Mainstream media is having fun photographing dancing and music at the protests, but if you look over the sea of faces, relatively few are there for fun. They have fun to break the monotony, but it’s not a party. Even the protesters’ smiles tend to be ironic, as media try to get them to show excitement.
The temper of the times seems similar outside the protests themselves. Two weeks ago, I posted a Huffington Post article that mentioned “There is a huge sense across America that the rich are increasing their cruelty far beyond the point necessary to live lives of obscene privilege.”
Before posting, I asked several readers if I was going overboard with the word “cruelty.” All said “No.” The reaction was so uniform I became curious, and showed the article to over 20 people.
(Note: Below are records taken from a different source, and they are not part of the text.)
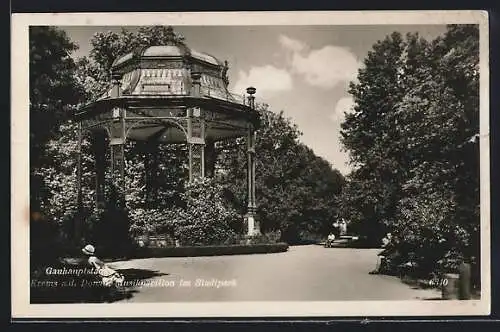 AK Krems a. d. Donau, Musikpavillon im Stadtpark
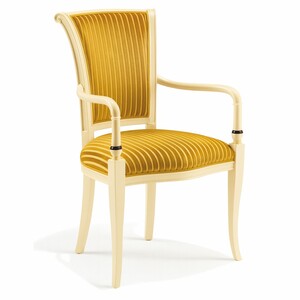 Casa Padrino Luxus Barock Esszimmer Stuhl mit Armlehnen Gold / Creme / Schwarz - Made in Italy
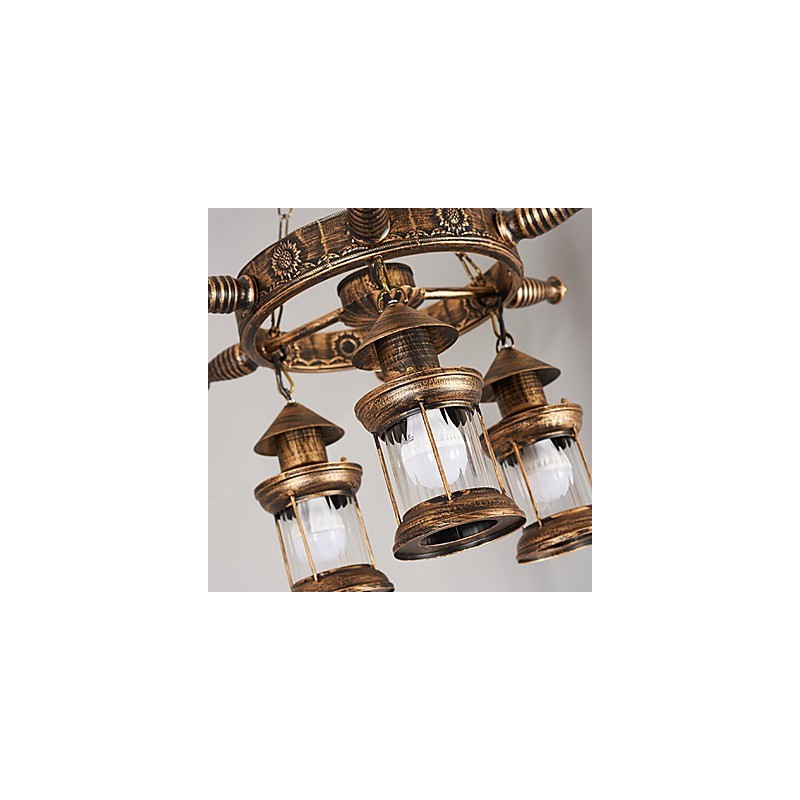 Rustic Lodge Vintage Retro Country Globe Malba pro designéry v mini stylu Kovový lustr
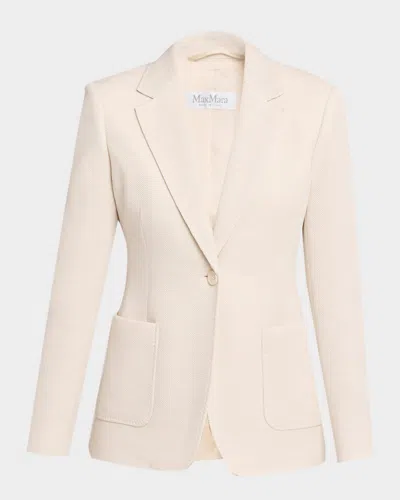 Max Mara Utilita Single-button Wool Pique Blazer In Neutral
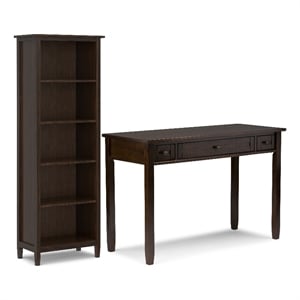 Pemberly Row 48&quot Desk and 26&quot Bookcase Set of 2 in Tobacco Brown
Every one said “cruelty” was the right word — and every face had the same expression: a cold, hard anger. It was faintly eerie. These are minds that have come to their own conclusions; they can no longer be cozened with false statistics about how unemployment is falling, or not rising, or “rising more slowly.” They do not buy stories about the dangers of a “double-dip recession,” because they know that on Main Street, the first dip is still going strong.
In the Occupy Wall Street movement there are demands for a return to financial controls, and a return to reasonable executive salaries — but these are the tip of the iceberg. The protesters are under no illusion that the factory whistle will blow and call them back to work, or that the rich will stop the financial floggings on their own initiative.
In fact, they know there is no return to the American dream world of the 1950s and early 1960s. They don’t believe that a few tepid, anti-lobbying laws will clean up Capitol Hill’s corrupt relationship with big banking, or that the Fortune 500 will start hiring Americans again.
So we will see specific demands for the new, rather than a return to the old.
“For time and the world do not stand still. Change is the law of life. And those who look only to the past or the present are certain to miss the future.”
- John F. Kennedy
The wave of disruption will wash over us all. Buckle up and brace for the future.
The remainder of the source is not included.